First, a quick fix, in the form of Kurt Vonnegut on the Daily Show:
http://www.youtube.com/watch?v=iI-jlbyDf0k

Second, yesterday I had, and took, the opportunity to see Tom Brokaw give a talk. At first I was impressed by his poise and candor; he spoke with great openness on any subject presented to him (by Eric Schmidt, of Google). However, when the talk proceeded to the Q&A phase, it quickly degenerated. One of the hot topics facing the media today is whether or not those who are dispensing the news are doing so with impartiality; I've heard Rush Limbaugh talk with as much vehemence as Jon Stewart - and using much the same language - on the topic of whether or not the media lives and breathes scratchy toady breaths under the thumb of political parties.

However, when asked whether various facets of the media are simply telling their corresponding audiences what they want to hear, he just answered that today's consumers of the news have a great deal to choose from, and must be more discriminating than viewers past. This is a valid enough point. But when the question was rephrased, when Brokaw was asked whether the media itself was living up to its end of the bargain (of, in this case, presenting accurate information that viewers must sort through and interpret as they will), he was incredibly dodgy.

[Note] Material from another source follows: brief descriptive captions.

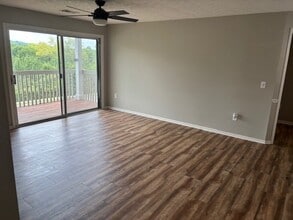 460 Lakeview Dr, Unit Spacious Condo-Bentwood in Wilder, KY - Building Photo - Building Photo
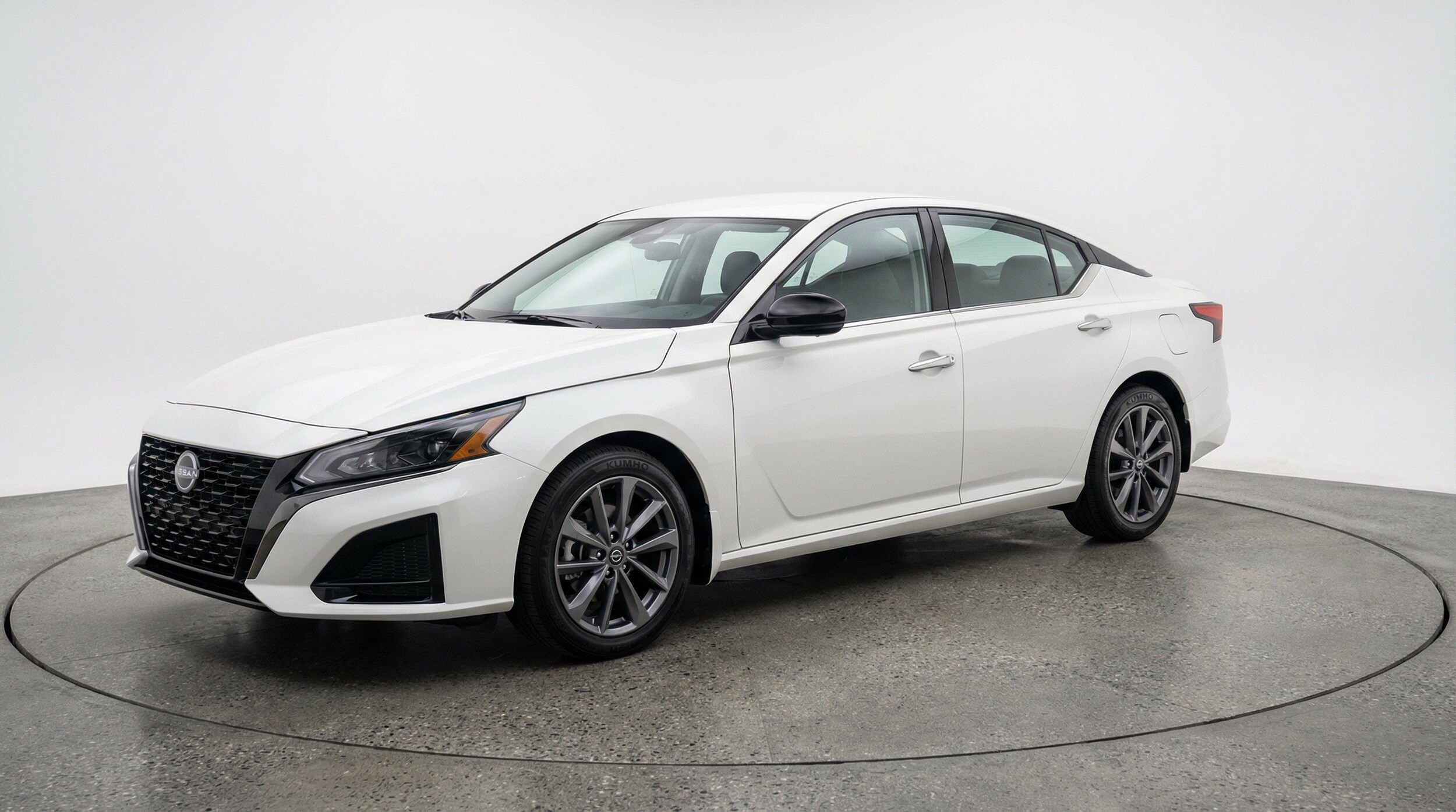 Thumbnail: 2025 Nissan Altima - 3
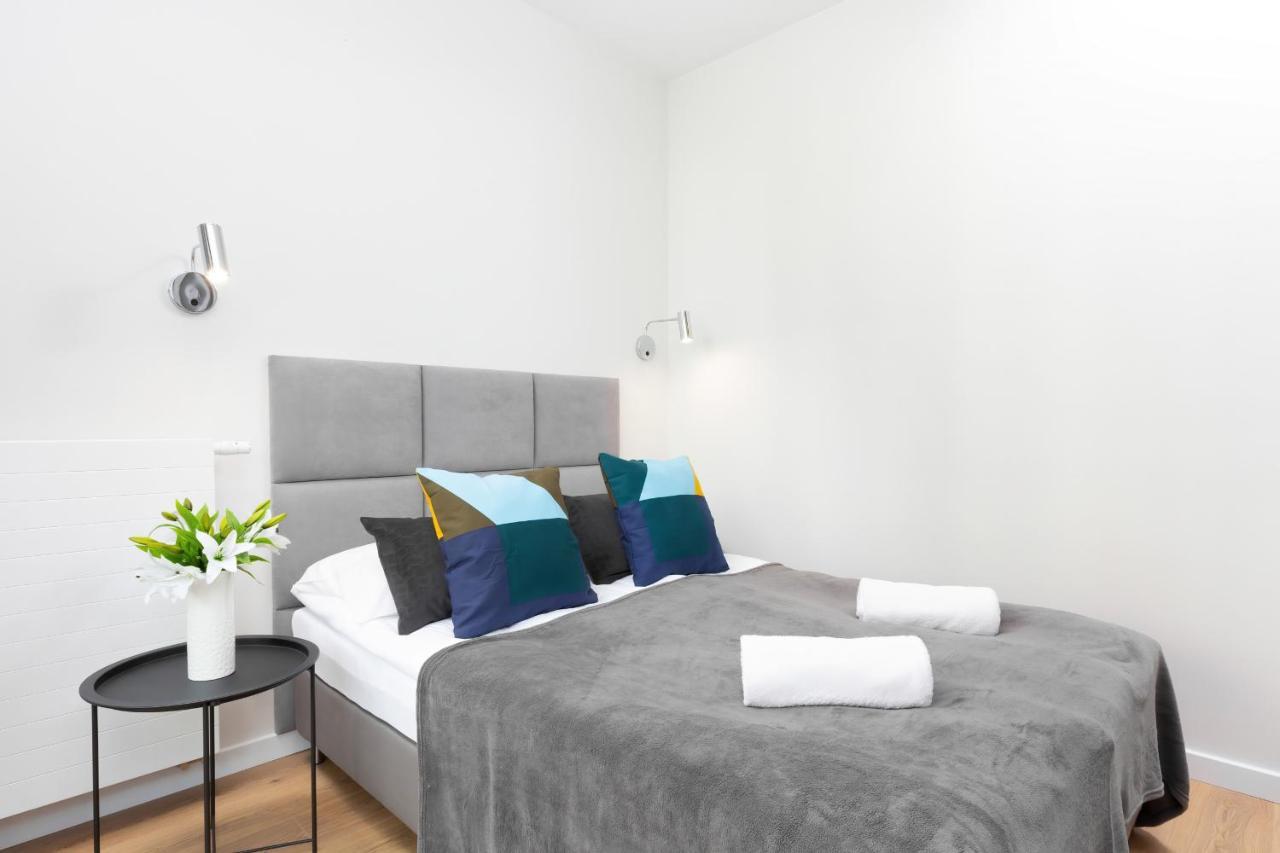 Apartments Browary Warszawskie By Noclegi Renters Varsó Kültér fotó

I suppose one can chalk that sort of behavior up to taking care of one's own. As an active member of the team of Big Names in the tv news sky, Brokaw has a right to believe that the people he works with are Doing the Best that they Can. It is also, to a degree, admirable not to engage in the bitter debate between the extreme news left (Steven Colbert, perhaps) and the extreme news right (Fox News, anyone?), when little ever comes of such a dispute other than name calling and tattletaling. But there was a sense, in the room in which I was sitting, of palpable anxiety, a thirst for information and for an actual opinion. The question was being asked about newscasters and newspapermen at large - the NY Times, not the Onion; BBC Nightly News, not The Colbert Report. Are these women and men fulfilling their responsibility to present the public with impartial and important information? And, perhaps more importantly, are they searching for it?

Reading over what I've written here, I have too agree with Brokaw to some degree: the news is not just a pill we have to pop, it's the story of the world, and that's bound to take some sifting through. My main frustration was, and remains, that he did not acknowledge that part of the responsibility falls on those people who are presenting the news: they have chosen that life, it is, in the best of cases, their calling and their passion. So the fight for better news reporting should be also theirs, and they should own it.